Table 15 Performance comparison.

Table 15 represents a performance comparison of five machine learning models: Random Forest30, Gradient Boosting31, Linear Regression, LGBM Regressor, and the proposed model mTCN-FChain for MAE, MSE, RMSE, and R2 metrics. The results suggest that mTCN-FChain outperformed all other models with significantly smaller error values: MAE, MSE, and RMSE values, and R2 score being higher, with better predictive accuracy. This indicates that the proposed model is superior when it comes to disaster prediction tasks. The model has shown more consistent, reliable, and accurate predictions makes its performance evident. Altogether, mTCN-FChain is a more robust and accurate real-time disaster monitoring method. The comparison graph is shown in Fig. 25.

Fig. 25
figure 25

Performance comparison using key metrices.

Discussion

The mTCN-FChain framework holds huge potential for real-time disaster prediction through the integration of cutting-edge technologies such as mMTC, TCNs, federated learning, and blockchain. Its capability to process multi-modal time-series data efficiently obtained from IoT sensors leads to precise and low-latency predictions even in resource-restricted environments. Edge-based TCNs, in combination with WNLs, ensures high predictive accuracy while minimizing the computational load on IoT devices. This makes the system suitable for deployment in remote or disaster-prone areas. Federated learning ensures data privacy by enabling decentralized training, and blockchain guarantees data security and traceability, which is critical in emergency situations. However, challenges are there to the framework. The computational overhead of federated learning and blockchain integration may also slow down the training and updating times, hindering real-time performance in some disaster scenarios. Real-world deployment may be affected by inconsistent sensor data, device failures, and environmental issues that may negatively impact data collection or prediction accuracy. These limitations underscore the need to optimize within system architecture and the mechanisms of handling data. Future work in this regard has to reduce the latency, compute efficiency of the framework, and make the framework robust for its large-scale deployments, which are likely to find different real-world conditions.

Conclusion and future work

This framework, mTCN-FChain, is represents a significant advancement for the real-time disaster prediction field that leverages the collective power of IoT, AI, and blockchain technologies. The system utilizes TCNs together with federated learning and blockchain to provide the best prediction accuracy with scalability and robust data privacy and security. The proposed model results in better existing approaches in disaster prediction in terms of fewer error rates and faster updates, which makes it suitable for any practical application in disaster resilience. The framework is promising, although computational complexity and resource constraints make it unfeasible at the moment to achieve its functionality on a larger scale.
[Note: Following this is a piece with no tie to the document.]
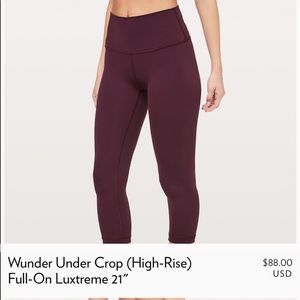 Lululemon high rise wunder under high rise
Future research will focus on optimizing key components of the system, particularly the blockchain architecture, to reduce latency and enhance computational efficiency. Including more types of disasters and real-time data sources can expand the framework, making it more usable in a variety of regions and scenarios. Real-world deployment will help determine its robustness to various regions and scenarios and also give insight into operational challenges and environmental factors. Instead, by integrating such sophisticated techniques as transfer learning and federated learning into the model, one can improve on its performance and scalability. These future improvements would open up paths for more effective, scalable, and reliable systems of disaster prediction that could lead to supporting a global level of disaster resilience.